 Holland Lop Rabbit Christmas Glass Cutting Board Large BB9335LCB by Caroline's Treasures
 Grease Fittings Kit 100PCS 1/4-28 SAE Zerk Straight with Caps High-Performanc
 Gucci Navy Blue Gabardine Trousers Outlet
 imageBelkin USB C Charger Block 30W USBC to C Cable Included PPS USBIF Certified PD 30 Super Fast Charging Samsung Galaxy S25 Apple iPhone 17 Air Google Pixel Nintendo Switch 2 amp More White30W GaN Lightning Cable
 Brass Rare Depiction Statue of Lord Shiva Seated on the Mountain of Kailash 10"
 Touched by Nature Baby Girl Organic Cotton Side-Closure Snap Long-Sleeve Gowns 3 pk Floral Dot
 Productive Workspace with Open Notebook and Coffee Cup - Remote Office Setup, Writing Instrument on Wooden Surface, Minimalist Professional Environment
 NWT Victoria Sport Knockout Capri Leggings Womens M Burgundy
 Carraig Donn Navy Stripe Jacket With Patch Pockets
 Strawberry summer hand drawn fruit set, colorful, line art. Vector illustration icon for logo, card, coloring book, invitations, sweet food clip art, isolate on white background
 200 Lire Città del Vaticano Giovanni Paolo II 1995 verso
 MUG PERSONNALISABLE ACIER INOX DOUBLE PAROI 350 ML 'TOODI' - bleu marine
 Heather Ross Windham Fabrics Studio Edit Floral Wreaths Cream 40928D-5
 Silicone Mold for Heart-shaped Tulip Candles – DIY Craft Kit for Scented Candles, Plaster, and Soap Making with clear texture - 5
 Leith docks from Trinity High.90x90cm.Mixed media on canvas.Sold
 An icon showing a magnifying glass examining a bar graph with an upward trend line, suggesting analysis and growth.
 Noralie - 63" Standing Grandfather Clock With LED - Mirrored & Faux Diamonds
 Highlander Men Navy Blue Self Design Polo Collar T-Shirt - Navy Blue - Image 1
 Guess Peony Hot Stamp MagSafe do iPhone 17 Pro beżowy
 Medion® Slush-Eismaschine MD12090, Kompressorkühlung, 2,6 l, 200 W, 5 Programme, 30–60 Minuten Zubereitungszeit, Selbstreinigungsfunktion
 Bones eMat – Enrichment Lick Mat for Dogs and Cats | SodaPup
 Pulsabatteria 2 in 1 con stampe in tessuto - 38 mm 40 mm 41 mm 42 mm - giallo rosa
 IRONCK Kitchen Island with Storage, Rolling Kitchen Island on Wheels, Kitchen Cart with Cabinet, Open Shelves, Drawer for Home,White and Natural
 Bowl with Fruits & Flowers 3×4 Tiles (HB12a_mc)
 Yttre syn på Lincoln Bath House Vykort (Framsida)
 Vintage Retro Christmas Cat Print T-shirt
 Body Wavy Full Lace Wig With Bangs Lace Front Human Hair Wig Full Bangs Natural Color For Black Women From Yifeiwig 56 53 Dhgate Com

* [Brief] Go through the material above and output exactly the lines from the one containing "Carraig Donn Navy" through the one containing "Vintage Retro Christmas Cat Print T-shirt".

* [Answer for the task]
 Carraig Donn Navy Stripe Jacket With Patch Pockets
 Strawberry summer hand drawn fruit set, colorful, line art. Vector illustration icon for logo, card, coloring book, invitations, sweet food clip art, isolate on white background
 200 Lire Città del Vaticano Giovanni Paolo II 1995 verso
 MUG PERSONNALISABLE ACIER INOX DOUBLE PAROI 350 ML 'TOODI' - bleu marine
 Heather Ross Windham Fabrics Studio Edit Floral Wreaths Cream 40928D-5
 Silicone Mold for Heart-shaped Tulip Candles – DIY Craft Kit for Scented Candles, Plaster, and Soap Making with clear texture - 5
 Leith docks from Trinity High.90x90cm.Mixed media on canvas.Sold
 An icon showing a magnifying glass examining a bar graph with an upward trend line, suggesting analysis and growth.
 Noralie - 63" Standing Grandfather Clock With LED - Mirrored & Faux Diamonds
 Highlander Men Navy Blue Self Design Polo Collar T-Shirt - Navy Blue - Image 1
 Guess Peony Hot Stamp MagSafe do iPhone 17 Pro beżowy
 Medion® Slush-Eismaschine MD12090, Kompressorkühlung, 2,6 l, 200 W, 5 Programme, 30–60 Minuten Zubereitungszeit, Selbstreinigungsfunktion
 Bones eMat – Enrichment Lick Mat for Dogs and Cats | SodaPup
 Pulsabatteria 2 in 1 con stampe in tessuto - 38 mm 40 mm 41 mm 42 mm - giallo rosa
 IRONCK Kitchen Island with Storage, Rolling Kitchen Island on Wheels, Kitchen Cart with Cabinet, Open Shelves, Drawer for Home,White and Natural
 Bowl with Fruits & Flowers 3×4 Tiles (HB12a_mc)
 Yttre syn på Lincoln Bath House Vykort (Framsida)
 Vintage Retro Christmas Cat Print T-shirt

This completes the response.